East Kilbride Pirates
- Founded: 1985; 40 years ago
- League: BAFA National Leagues
- Division: Premier North
- Location: Glasgow, Scotland
- Stadium: Braidholm
- Colours: Black Helmet Black and Red Jersey Red Pants
- Head coach: Matthew Davies
- General manager: Amanda McDonald
- League titles: 2 (2011, 2022)
- Division titles: 12: (2001, 2002, 2003, 2004, 2009, 2010, 2011, 2012, 2013, 2014, 2015, 2022)
- Playoff berths: 19: 1995, 1997, 1998, 2000, 2001, 2002, 2003, 2004, 2005, 2006, 2009, 2010, 2011, 2012, 2013, 2014, 2015, 2019, 2022)
- Website: www.piratesfootball.co.uk

= East Kilbride Pirates =

American Football team based in the United Kingdom

The East Kilbride Pirates are an American football team based in Glasgow, Scotland, who compete in the BAFA National Leagues Premier North, the highest level of British American football. The club although formed in East Kilbride currently operate in Glasgow and play their home games at Braidholm. They are both the most successful and the oldest surviving American Football team in Scotland having been formed in 1985. The club has won Division 1 National titles in 2011 and 2022 and are eleven-time Divisional champions.

==History==
The East Kilbride Pirates were formed in 1985, following a notice appearing in the local newspaper asking any interested parties to attend training. For the 1986 season, the Pirates merged with the nearby Rutherglen Ironhogs, producing a suitably sized squad to take part in the British American Football League (Anglo Conference). A 13–0 win was recorded over the Clydesdale Colts in the first kitted game.
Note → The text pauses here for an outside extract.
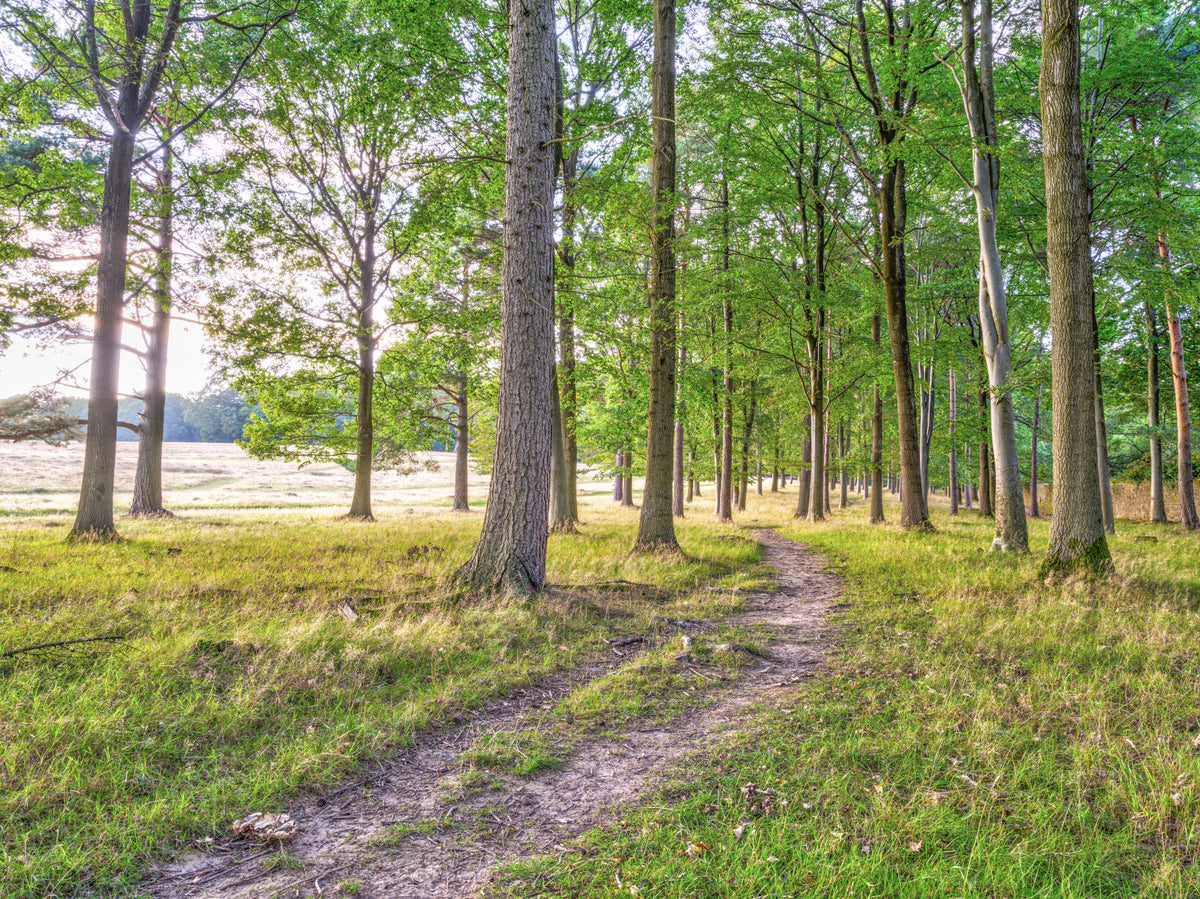 Verdant Woodland Escape Wall Mural in your room — zoomed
1987 saw a new head coach with the appointment of Bill Walsh, an American working in East Kilbride. East Kilbride went 4–4 to finish second in Division One of the new Budweiser American Football League.
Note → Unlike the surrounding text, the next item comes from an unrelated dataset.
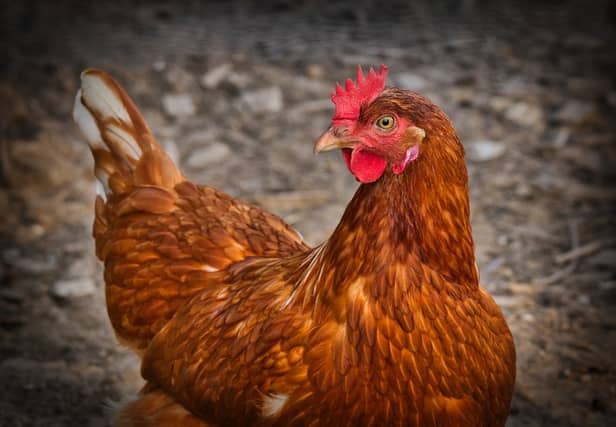 Appeals to save hens from slaughter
In 2013, the team announced plans for a Junior team, to compete in the 16–19 age range and bridge the gap between Youth and Senior. In 2019, the team finished their regular season 6–0, and won a semi-final 13–9 against Birmingham Lions to qualify for their third appearance at the British U19 final in four years. The game was streamed by BBC Sport.
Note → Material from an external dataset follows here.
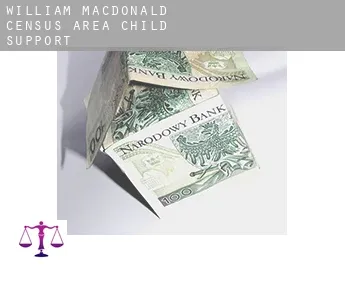 William-MacDonald (census area)  child support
In September 2015 the East Kilbride Pirates launched their first women's team. The call for players met with a positive local response and the team competed in the British American Football Association's Opal Series flag competition for women. The Pirates women's team compete in the Opal flag and Sapphire kitted competitions. In 2017 the women's section split into distinct contact and flag teams. In 2018 the club appointed Claire Cochrane as their first ever female head coach to lead the women's contact team.